Quand l’agent du SISMI – Servizio informazioni e sicurezza militare (Service secret italien), réformé en 2007 – entre dans ce bar de Casoria à 9 kilomètres de Naples, le barman ne lui adresse pas un mot. Etrange, se dit-il. Après un bref coup d’œil à sa montre, il passe commande. «Comme d’habitude, merci.» Appuyé au même comptoir, un autre homme attend son café. Le 007 l’observe furtivement. L’inconnu pose péniblement le bras droit sur le zinc en s’aidant de l’autre main, et lui retourne le coup d’œil. Ils s’examinent un long moment et se sourient, tandis que la tasse de café monte lentement jusqu’à leurs lèvres. L’agent des services secrets l’a reconnu. Cela fait des années qu’il suit sa trace. Mais ce jour-là, hors de question de sortir les menottes. «Il était clairement protégé par des gorilles armés, me raconte le désormais retraité, plusieurs années après. Il aurait suffi que je mette la main à la poche pour me retrouver criblé de balles.»

Au milieu des années 1980, le spectre de Pasquale Scotti plane sur les banlieues nord de Naples. Il est le tueur à gages de la Nouvelle Camorra organisée (Nuova Camorra organizzata, NCO) de Raffaele Cutolo et le gardien du pacte entre le parti centriste de la Démocratie chrétienne et la Camorra pour la libération du conseiller régional controversé Ciro Cirillo, retenu en otage par les Brigades rouges dans le garage de sa villa à Torre del Greco, le 27 avril 1981. Blessé en 1983 lors d’un furieux affrontement armé avec la police, qui lui a coûté son arrestation et la paralysie presque totale du bras droit, Scotti s’évade le 23 décembre 1984 de l’hôpital de Caserta, en descendant trois étages à l’aide d’une corde de draps noués. Un chroniqueur de l’époque, en mentionnant cette prouesse acrobatique, écrit que l’ange gardien du mafieux portait certainement un uniforme. Et il n’a probablement pas tort. 

Pendant 31 ans, Pasquale Scotti a été un fantôme.
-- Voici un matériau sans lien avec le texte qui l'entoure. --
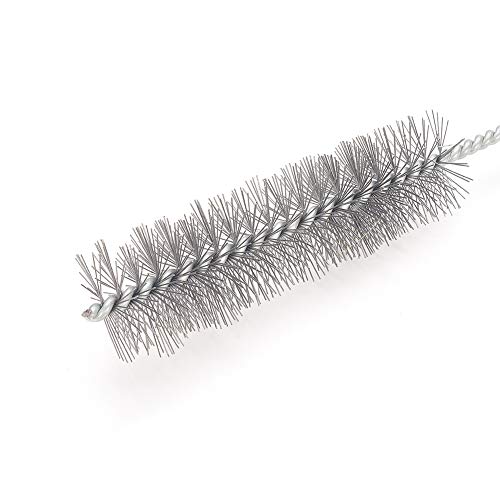 Image of Utoolmart Steel Wire Cleaning Brush, Spiral Power Tube Brush, Steel Wire Tube Brush Cleaning Tool, Tube Bottle Brush, 1.2-inch Diameter 12-inch Length, 2pcs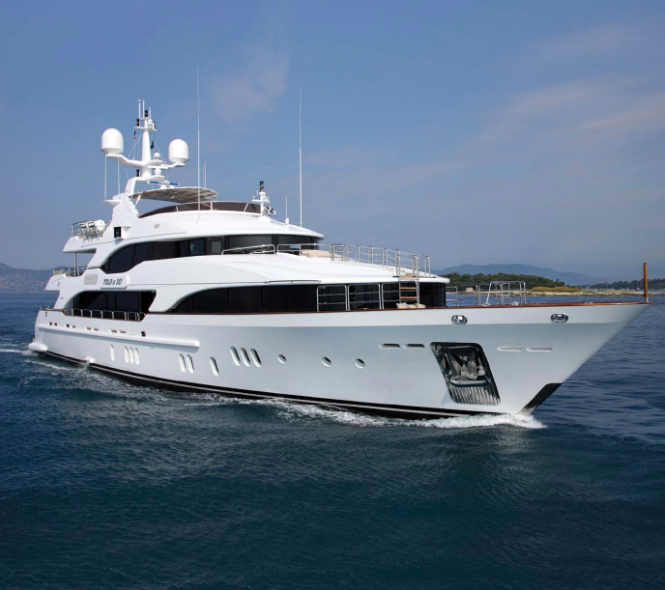Award-winning superyacht ‘TOLD U SO’ available for luxury charter in the Mediterranean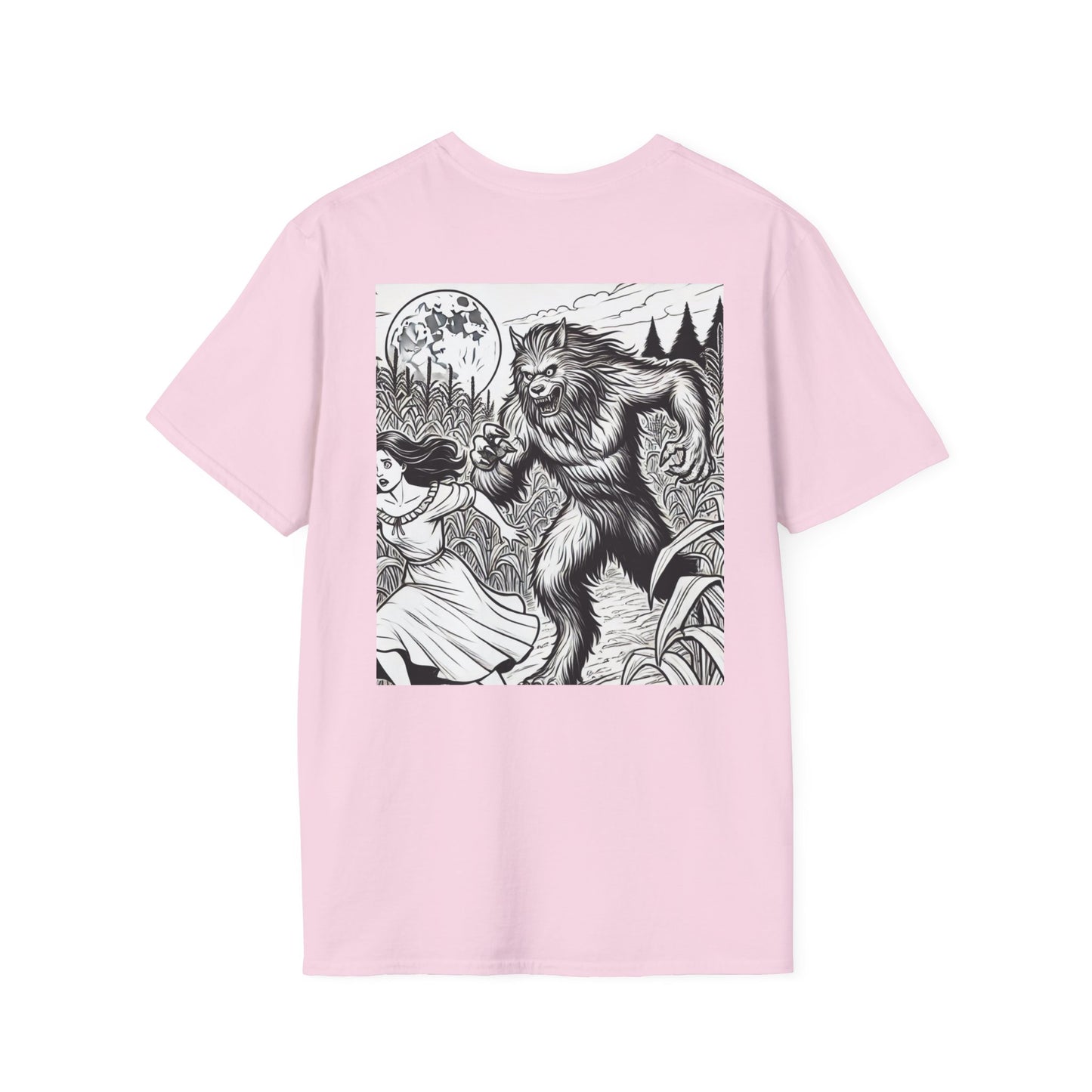 Unisex Softstyle T-Shirt - True Sightings Coloring Books Design with Bigfoot Art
On a tissé de nombreuses légendes à son sujet – comme celle de son surnom, «Pasqualino le collier» à cause d’un diadème de 500 millions de lires (soit 277'000 francs) offert à la femme de son boss Don Raffaele. Portrait-robot, signalements, fausses pistes, il a caracolé en tête de la liste des fugitifs les plus dangereux identifiés par le ministère de l’Intérieur italien. Le 26 mai 2015, la longue cavale de Pasquale Scotti prend fin. Les enquêteurs l’ont débusqué à Recife, au Brésil, où il avait adopté l’identité risible d’un certain Francisco Visconti De Castro, marié à une femme avec laquelle il a eu deux enfants. Une vie normale, paisible. De quoi incommoder Hannah Arendt et sa banalité du mal. C’est peut-être ce qu’il a pensé lui-même, puisqu’au moment de son arrestation ses premières paroles ont été: «C’est moi, vous m’avez eu. Mais Pasquale Scotti n’existe plus, il est mort dans les années 1980.» Un mois après cette capture, le mafieux est encore entre les murs d’une prison brésilienne dans l’attente de son extradition, qui va s’avérer pour le moins compliquée. En Italie, il doit purger une peine de perpétuité pour le meurtre de Giovanna Matarazzo, surnommée Dolly Peach. Giovanna était l’amante de Vincenzo Casillo, le numéro deux de la NCO qui se baladait dans tout Rome (et toute l’Italie) avec la carte du SISMI en poche. La femme a été tuée et enterrée dans du béton à proximité d’un pont, à la périphérie d’Acerra. Danseuse de boîte de nuit, propriétaire d’un loft à Grenoble et d’une villa à Primavalle, Giovanna en savait trop. Les hommes de Scotti l’ont capturée, torturée et exécutée froidement de deux balles dans la tête.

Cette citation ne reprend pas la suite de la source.